My larger point is that they can plasma whatever the fuck they want to, and make it an entirely analog system (which would be fastest), but unless/until they somehow include time travel tech to the signal chain, there will never be 100% noise cancellation…because it’s not possible otherwise. Even at the speed of light, an analog signal is still dependent on a mic catching a noise that already happened, and then playing it back over that actual noise with a phase/polarity reversal in as close to real time as it possibly can. And no matter what, it will never play it back in perfect sync, and thus is will never 100% perfectly cancel the noise.
In the recording studio (where I used to work long ago), we deal with phase issues all the time. Especially when miking instruments like drums (or really any instrument that is recorded with more than one capture tool at a single time). So like, if I record an acoustic guitar with a direct in signal and a microphone.. or two microphones. The signal from one mic will always be a little out of sync with the signal from the other..this creates phase cancellation issues..
However, in the studio we can deal with this after the fact. I can line up the signal from one mic to be in perfect sync to the signal from the other mic..granted this gets more difficult the more mics you’re dealing with (like with a drum kit for example), but generally speaking we can fix a lot of it after the fact.

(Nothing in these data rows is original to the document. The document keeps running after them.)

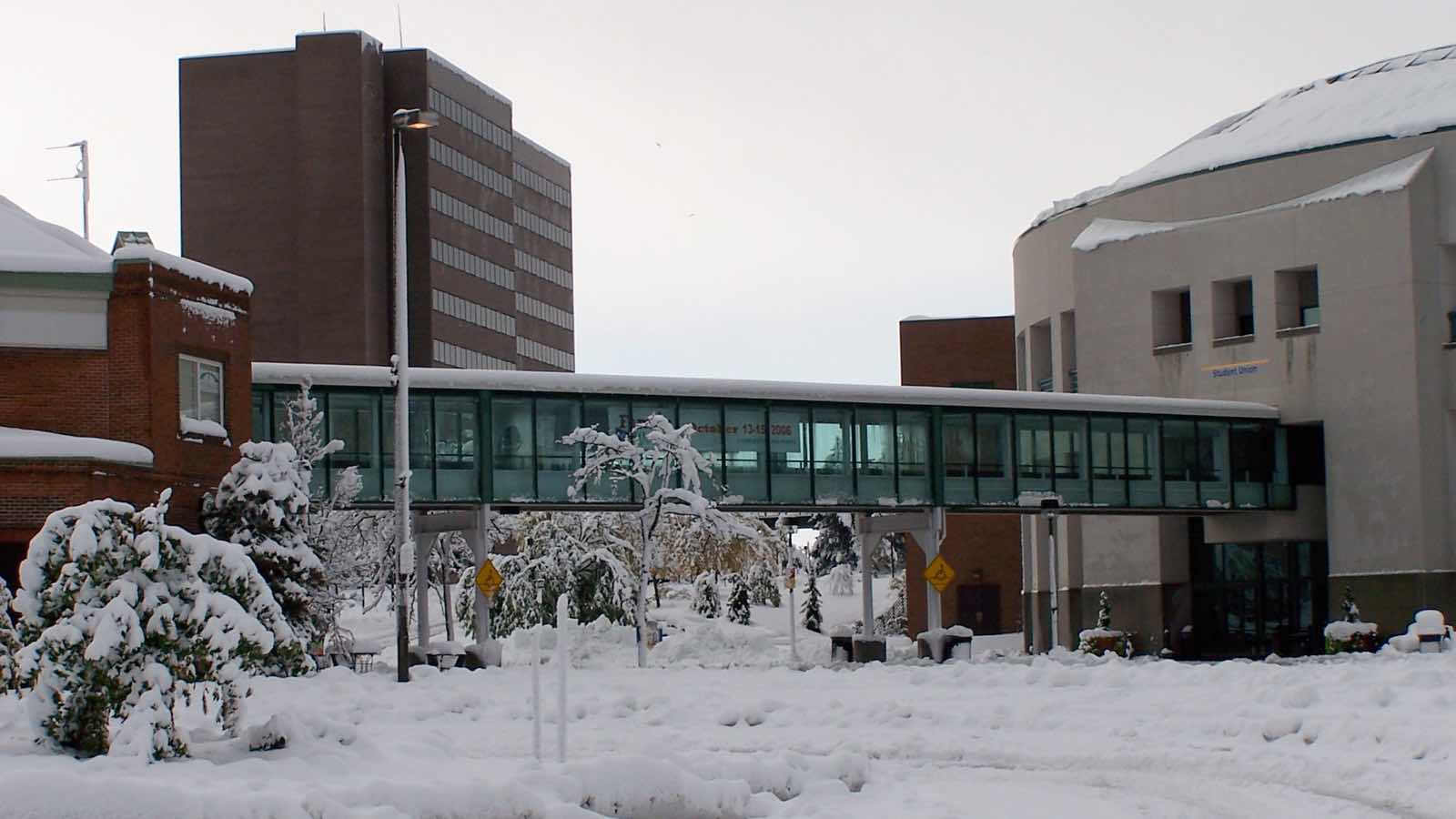 University at Buffalo, facing Clemens Hall, the Student Union, and Commons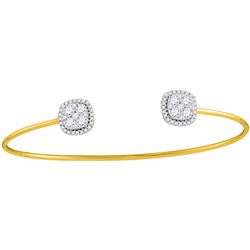 0.99 CTW Natural Diamond Cluster Open Bangle Bracelet 18K Yellow Gold
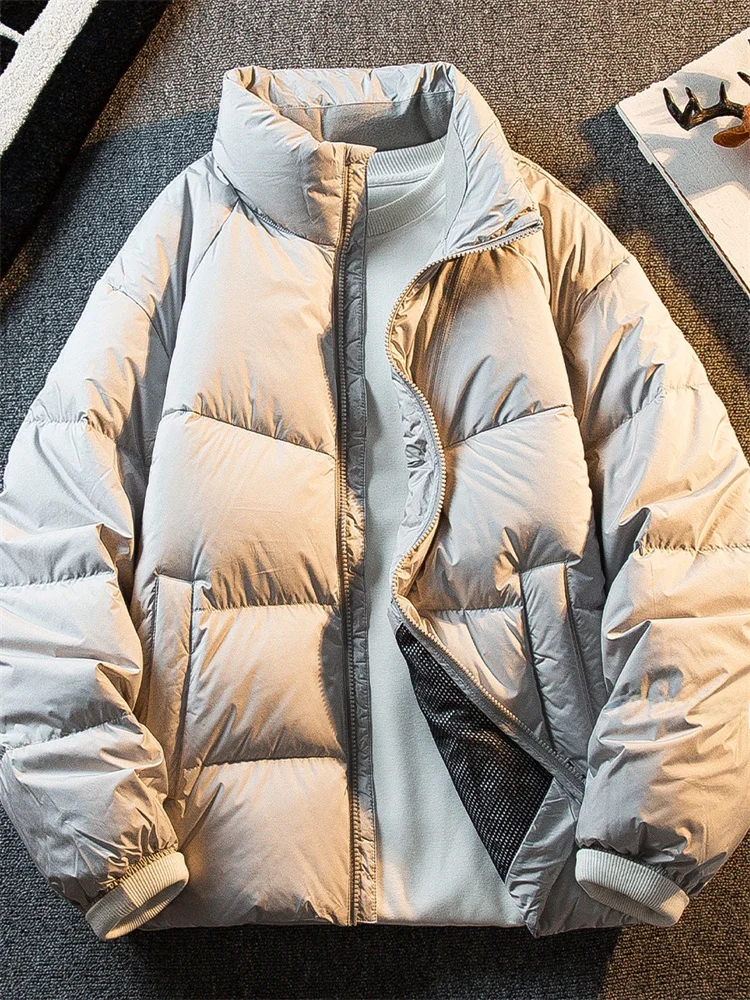 

Stand Collar down Jaet 90 Du down Thiened Men's Winter Coat Warmth Windproof Bread Sle Jaet for Daily Wear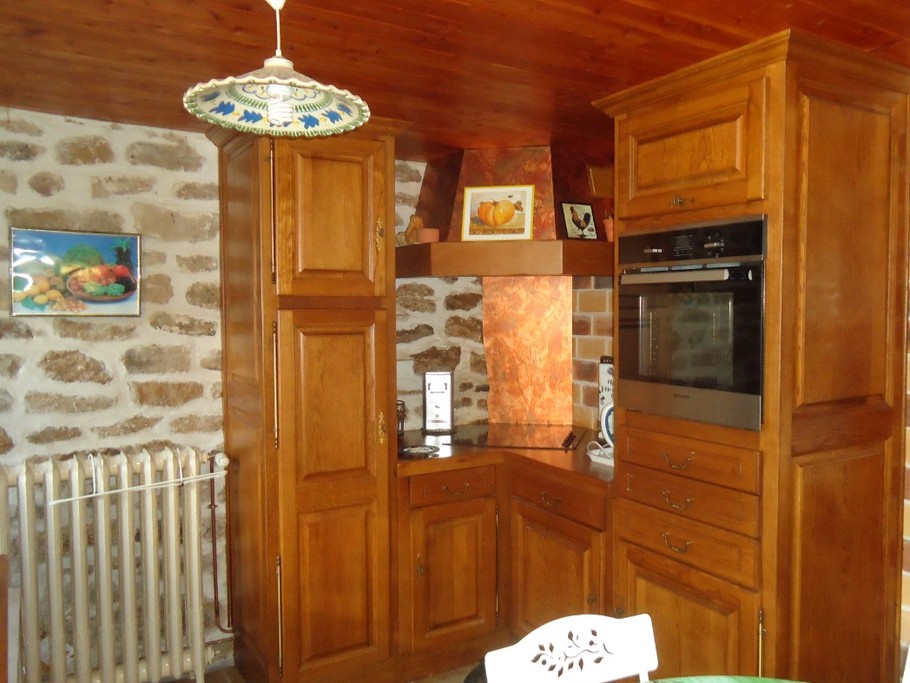 Le coin cuisson dans la cuisine avec la plaque vitrocéramique, le four électrique, la cafetière, la bouilloire, les rangements, etc....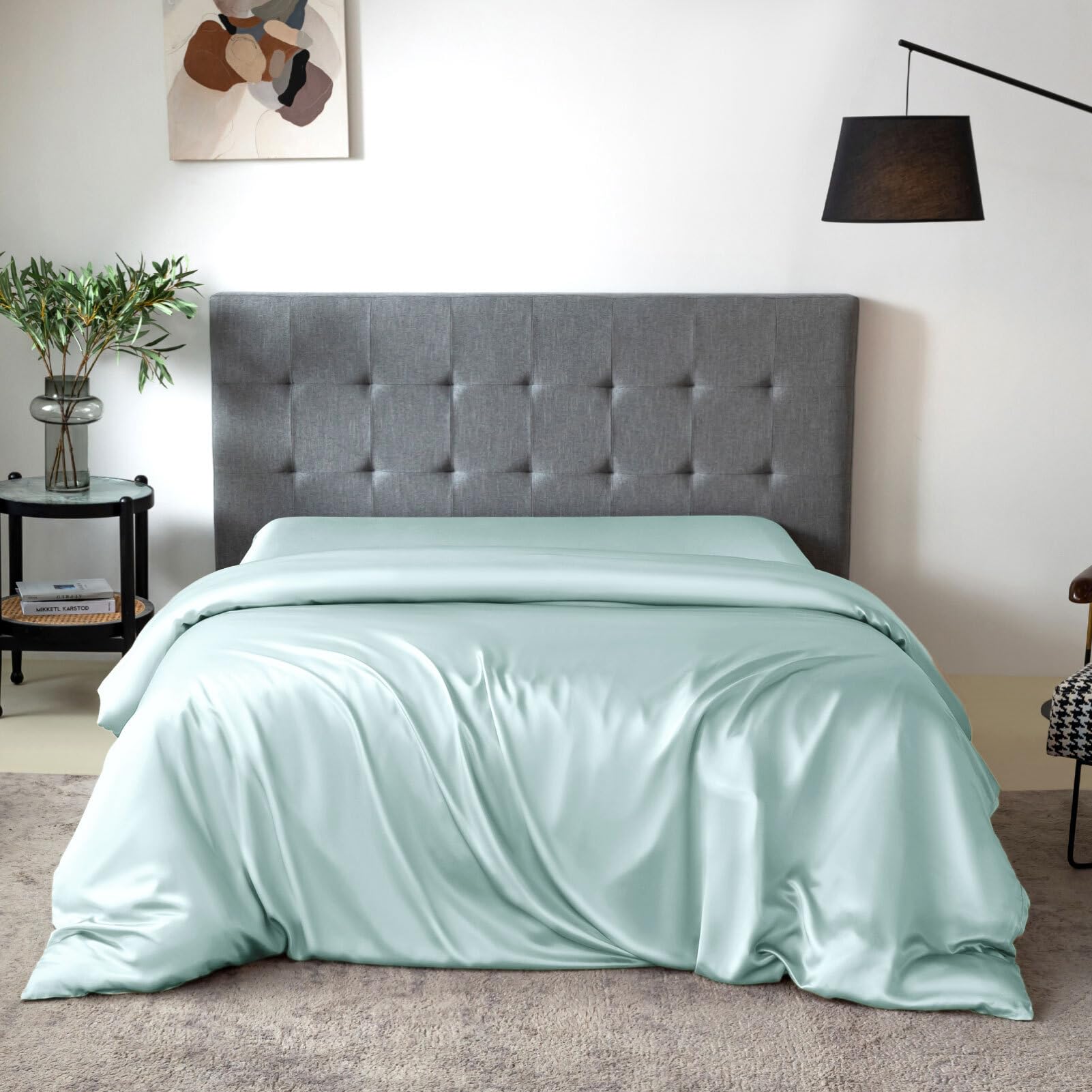 THXSILK 100% Mulberry Silk Duvet Cover, 7A+ Silk Comforter Cover, Seamless Breathable Comforter Quilt Cover with Zipper Closure - Seamless, Ultra Soft, Durable, California King, Light Blue
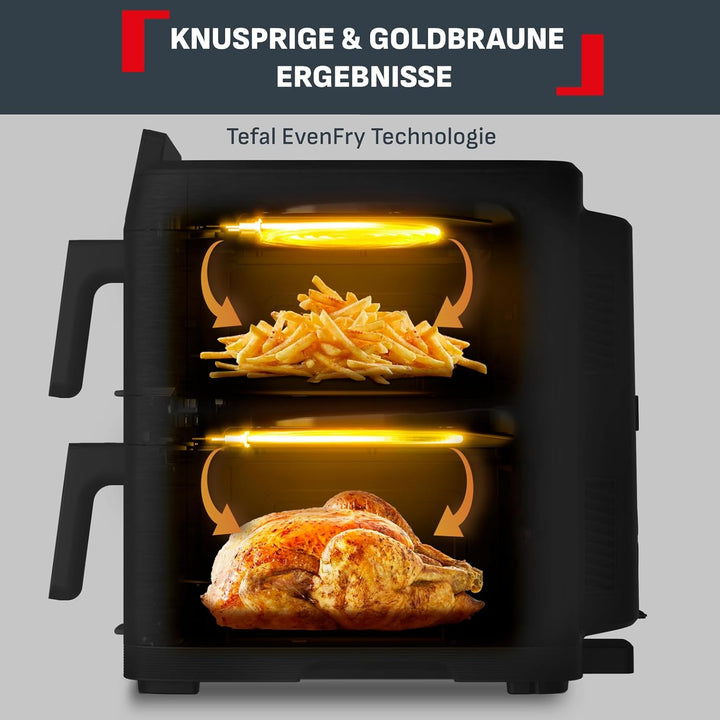 Tefal Easy Fry Crispy Stack Doppelkammer-Heissluftfritteuse, 4/6-Liter-Schubladen mit separater Temp
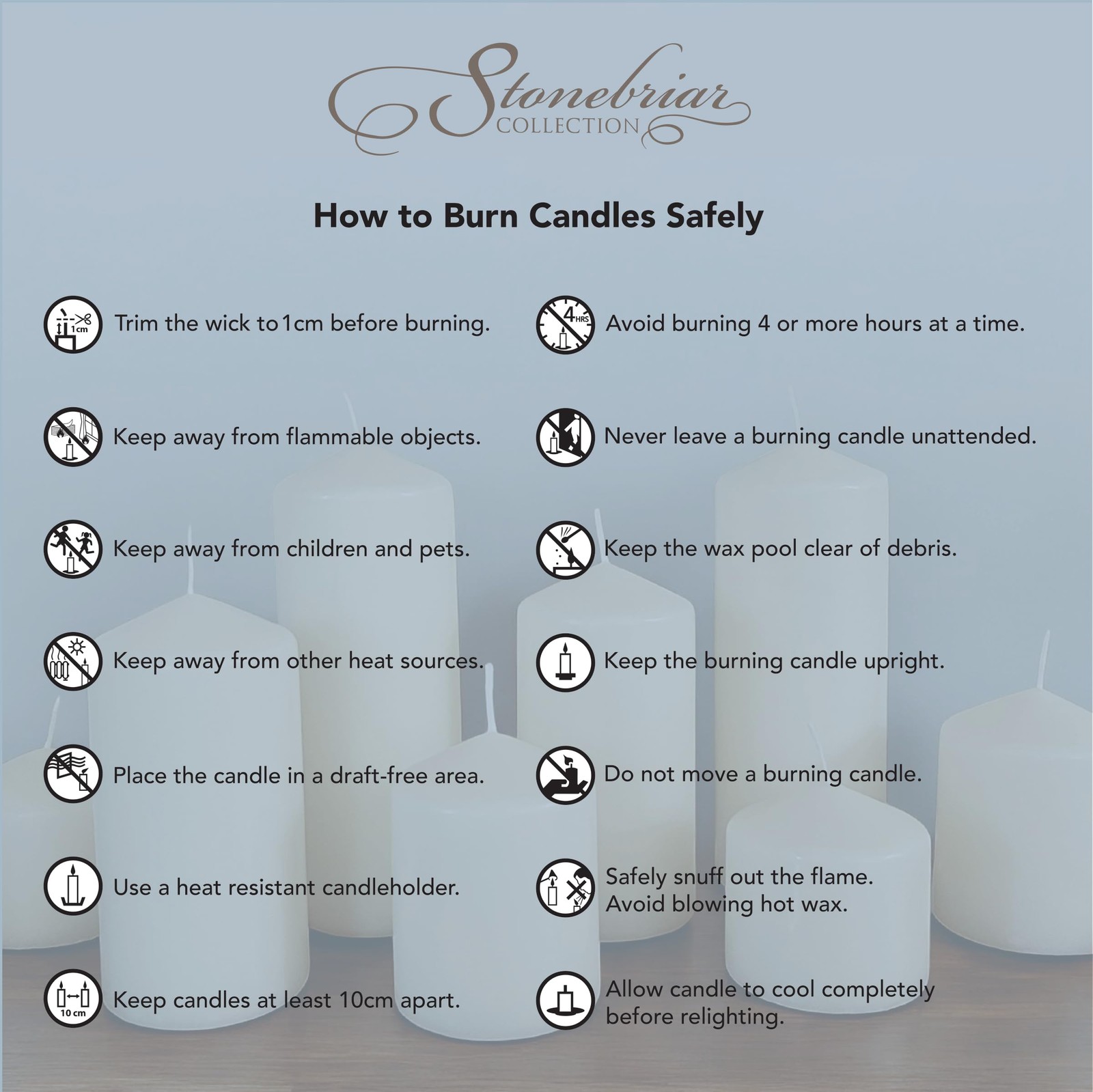 Stonebriar Unscented Pillar Candles – 65 Hour Burn Time, Long-Lasting Wax Can…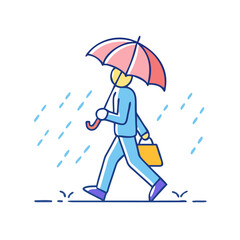 walking with umbrella in rain icon, walking with umbrella in rain vector, 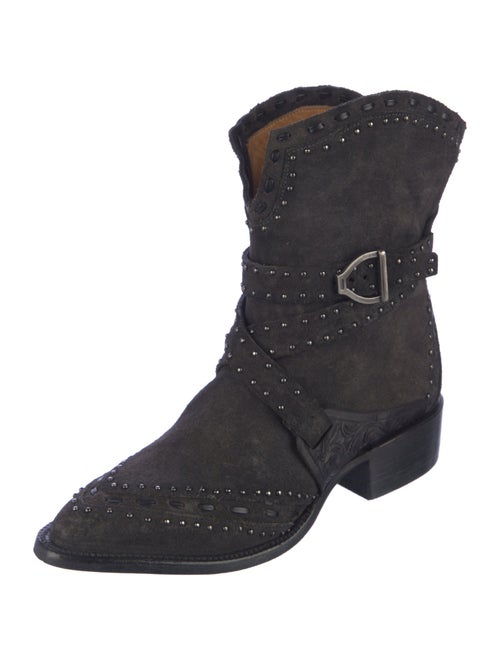 Lucchese Leather Lace-Up Boots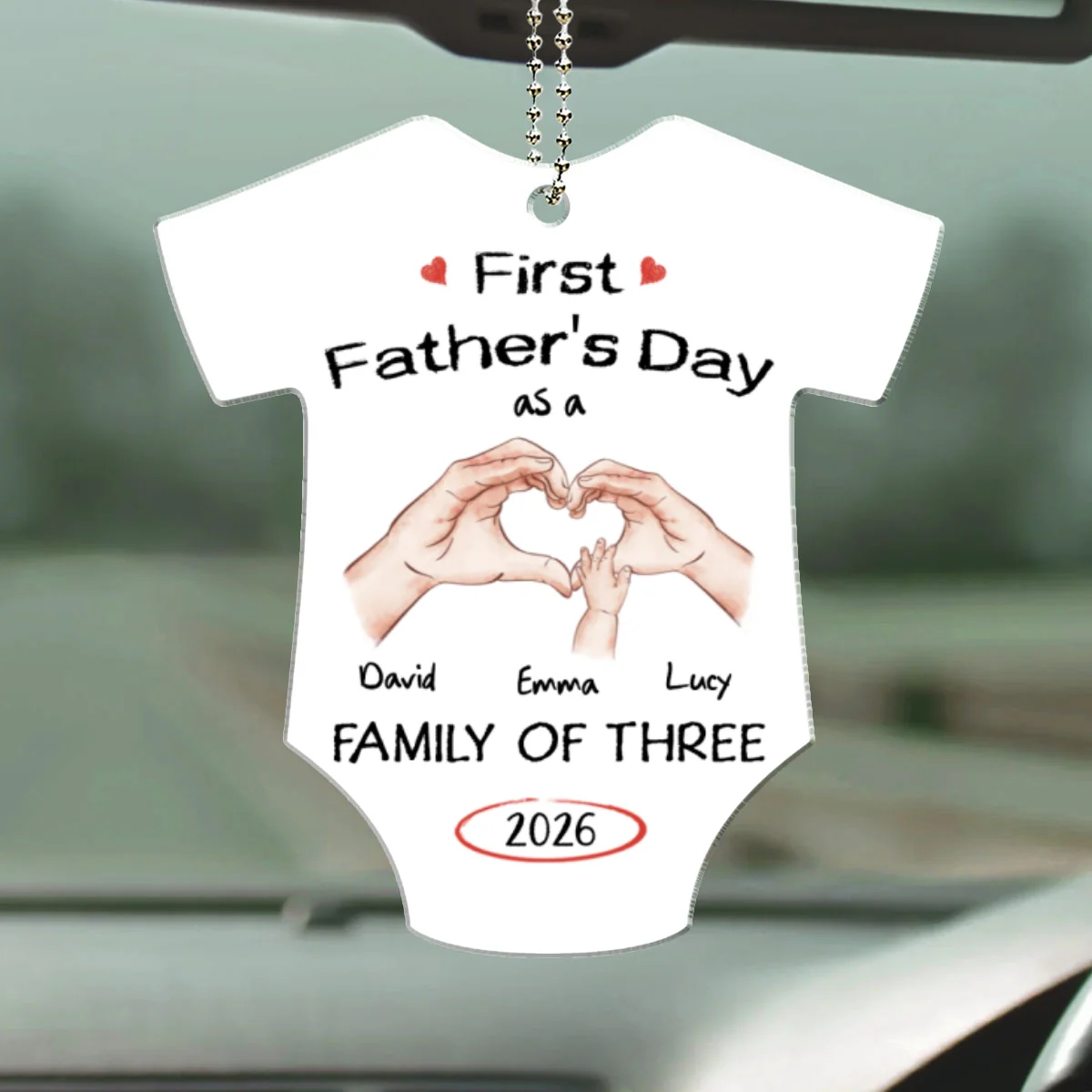 As A Family Of Three Fathers Day - Personalized Custom Car Ornament - Image 6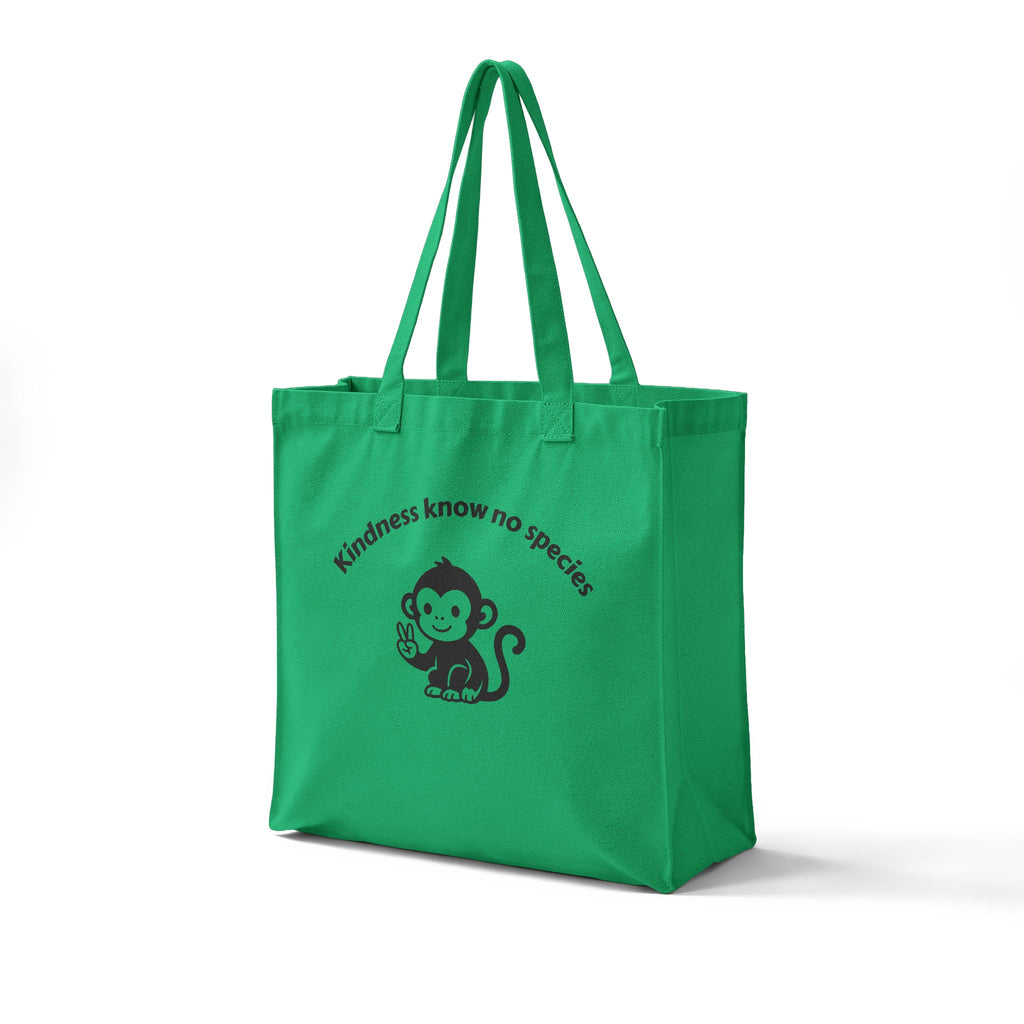Eco-Friendly Canvas Grocery Tote — "Kindness Knows No Species" Cute Monkey Reusable Market Bag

But with noise that’s happening in an airplane, it’s happening in real time and thus has to be dealt with in real time or as close to real time as possible..and there is at least some limitation on what’s possible in terms of speed here.
A digital system can in theory adjust the phase of the cancellation to account for the latency of the processing. It still wouldn't account for sudden changes in the noise levels. If it's a periodic noise it could pick up on the longer modulation of the components, e.g. one frequency fading in and out.
But it seems like it also matters where the sound wave is coming into the room. You could cancel it in one area but reinforce in another. Maybe they have mics around the room and tailor the cancellation in each region.